Sem GVT,Vivendi vira maior acionista da Telecom Italia


Com a venda da GVT para a Telefônica, a Vivendi vai se tornar a maior acionista individual da Telecom Italia. A troca de ações já estava prevista no acordo pelo qual os espanhóis pagarão R$ 22 bilhões, valor que é parte em dinheiro mas inclui papéis da própria Telefônica.

Pelo negócio, a Vivendi recebeu, além de R$ 13 bilhões em dinheiro, 7,4% das ações da Telefônica Brasil. A opção que confirma agora é de trocar cerca de um terço desses papéis por parte da participação que a Telefônica tem na Telecom Italia.

Como resultado, a Vivendi vai ficar com 8,3% do capital votante da empresa italiana (5,7% do capital total). Já a Telefônica terá reduzido sua participação na Telecom Italia para 4,67% do capital votante. Conforme determinação do Cade e da Anatel, ela deve se desfazer do resto até meados deste ano.
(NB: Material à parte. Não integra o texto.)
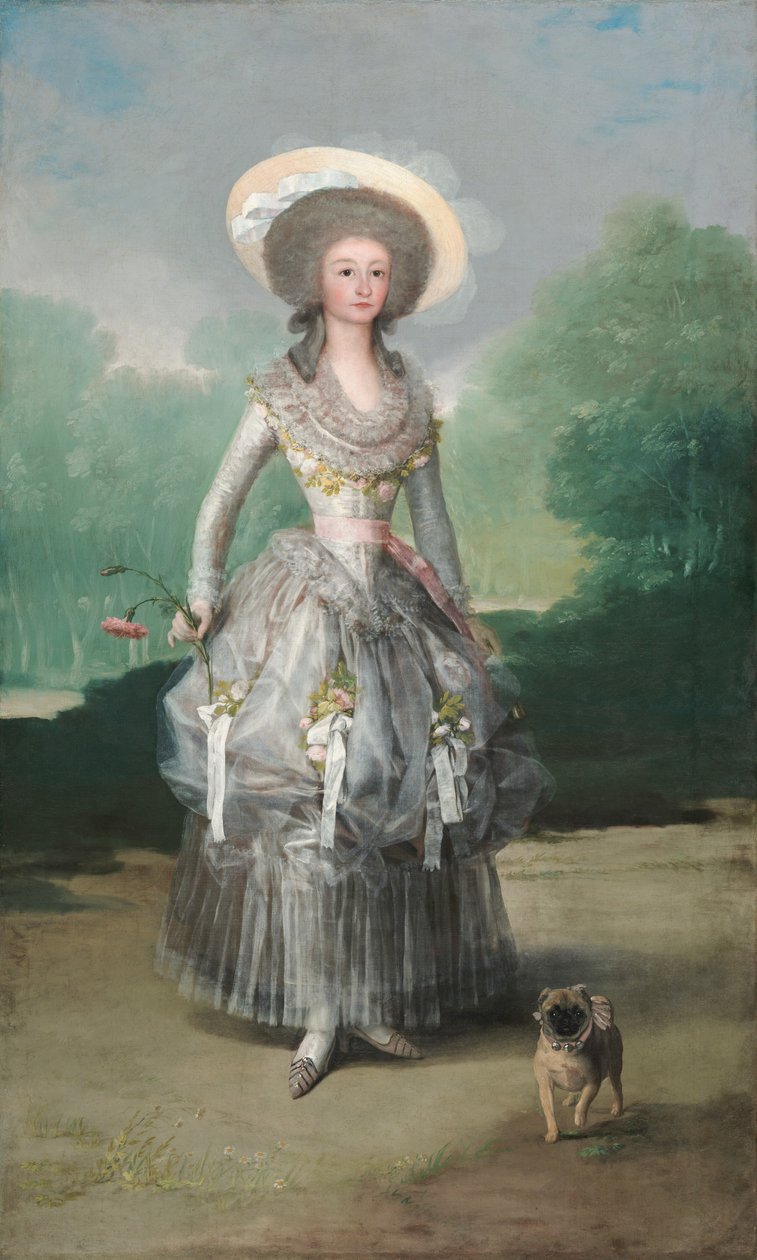Marquesa de Pontejos od Francisco de Goya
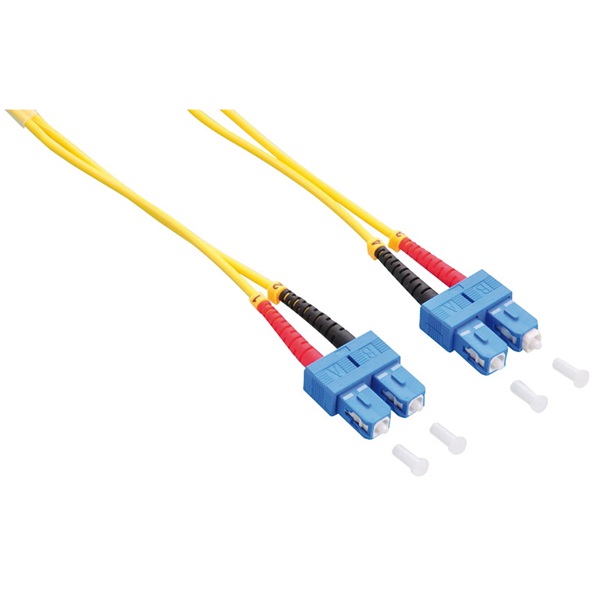 Logilink FP0SC05 Fiber duplex patch kábel, OS2, 9/125 , LC-SC, sárga, 5 m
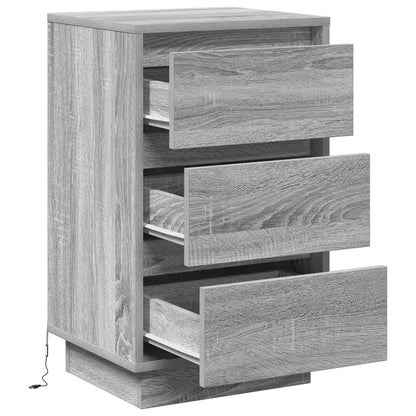Nachttisch Grau 39 x 34,5 x 65 cm Holzwerkstoff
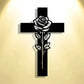 Jesus Cross With Rose Christian Home Decor, Christmas & Baptism Gift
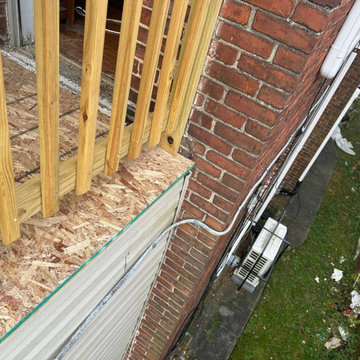 Baltimore | Install Membrane & Pressure-Treated Wood Boards On Outside Balcony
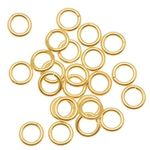 UnCommon Artistry 14K Gold Filled Open Jump Rings 4mm 21 Gauge (25)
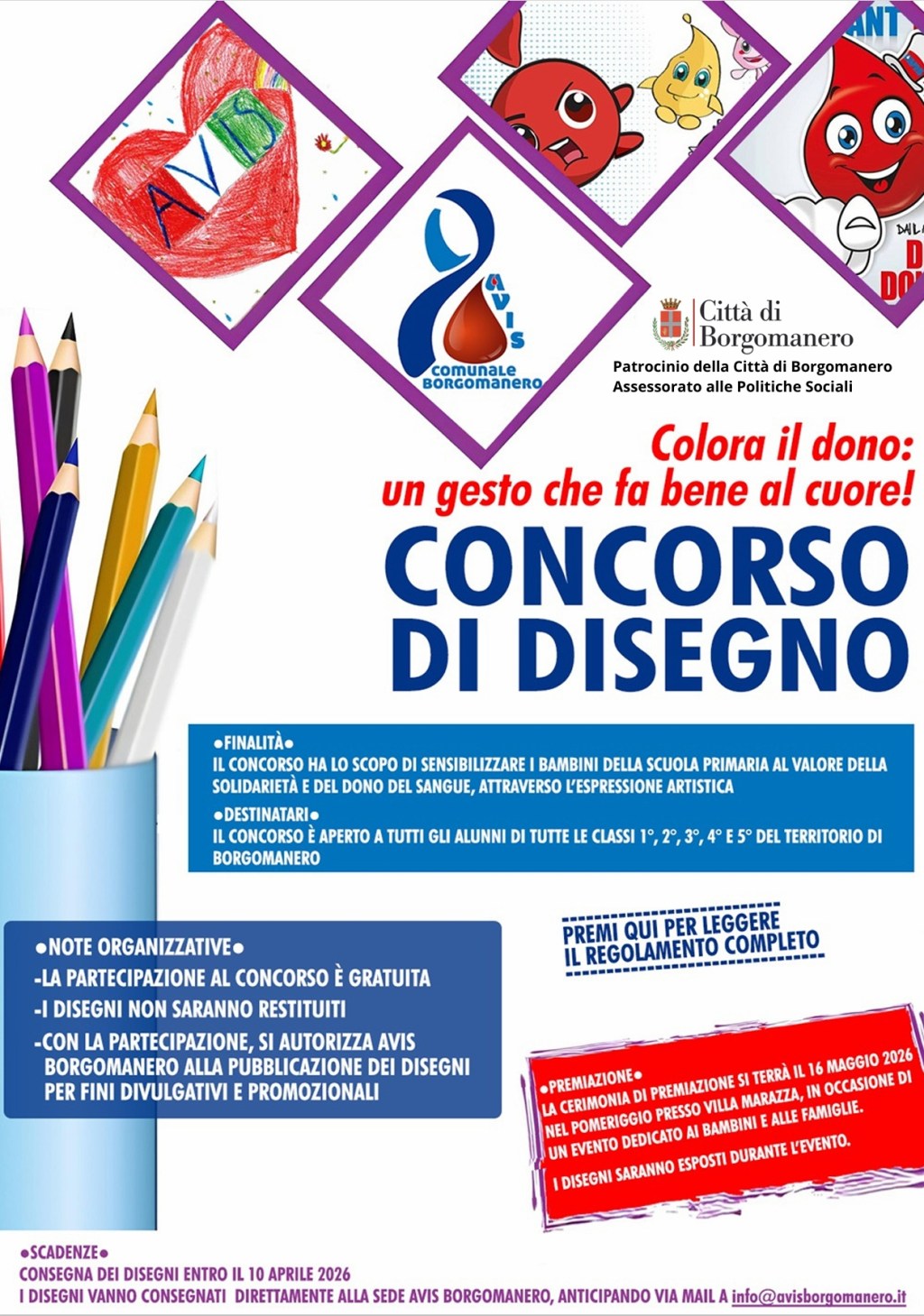 Spazio alla creatività: arriva il contest “Colora il dono”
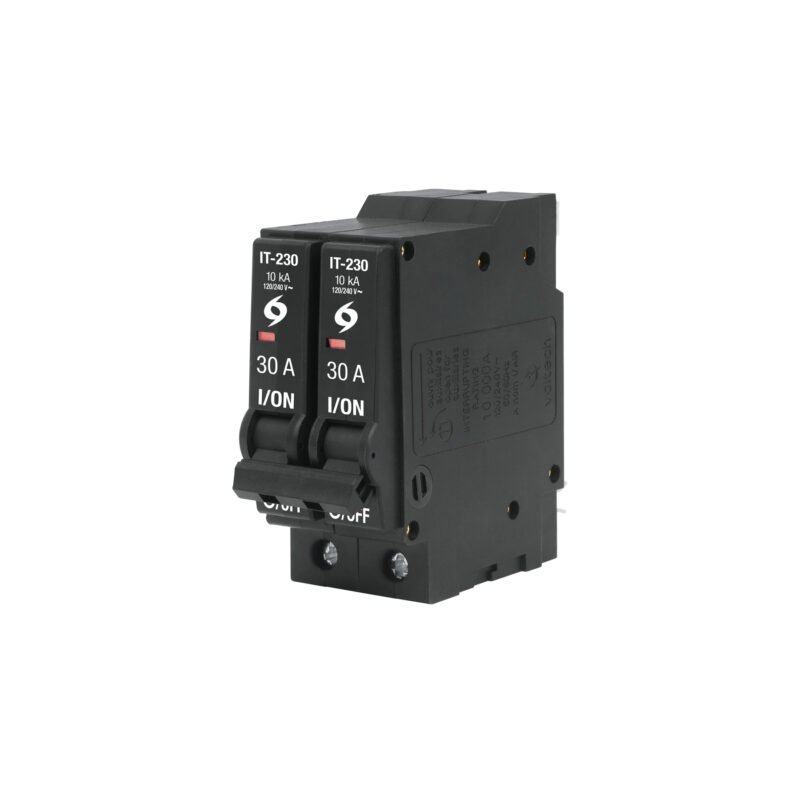 IT-230.jpg Código: 46705 Interruptor de 2 polos 30A, enchufable, VOLTECK IT-230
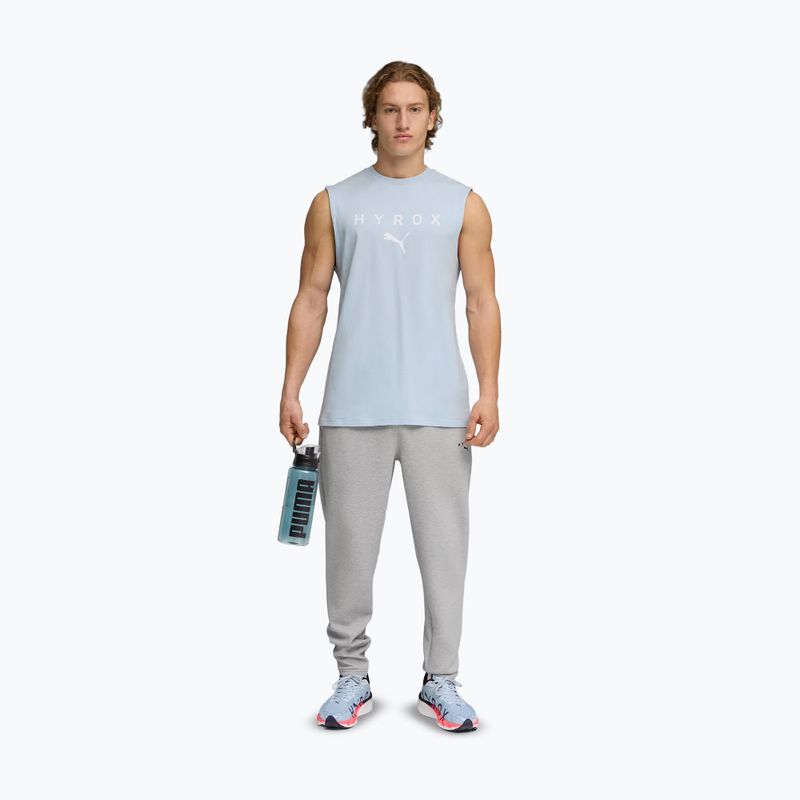Pánska tréningová košeľa PUMA x HYROX Cutoff Tank šedá 2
Ao aprovar a ‘fase 2’ da operação de venda da GVT para a Vivo/Telefônica, a Anatel determinou que sejam tomadas as medidas necessárias para impedir que a Vivendi exerça qualquer gestão na Telefônica Brasil. Segundo o relator do processo, Marcelo Bechara, “a Vivendi sinalizou que não tem interesse de posições com direito a voto na Telefônica Brasil e que vai se desfazer dos 11,3% das ações sem direito a voto.”

A agência, no entanto, não fez determinações sobre o controle indireto que a Vivendi terá sobre as brasileiras TIM e Intelig. Pelas tratativas conjuntas com o Cade, essas medidas serão determinadas pelo órgão antitruste. A expectativa, portanto, é que a  Vivendi saia do Brasil.

“Apesar da presente operação ter reflexo no capital da Telecom Italia, a Vivendi não será controladora de prestadoras de serviços de telecomunicações no Brasil”, sustentou Bechara ao apresentar seu relatório. Por enquanto, fica a francesa proibida de ampliar a participação na Telefônica Brasil e obrigada a demonstrar trimestralmente sua posição acionária.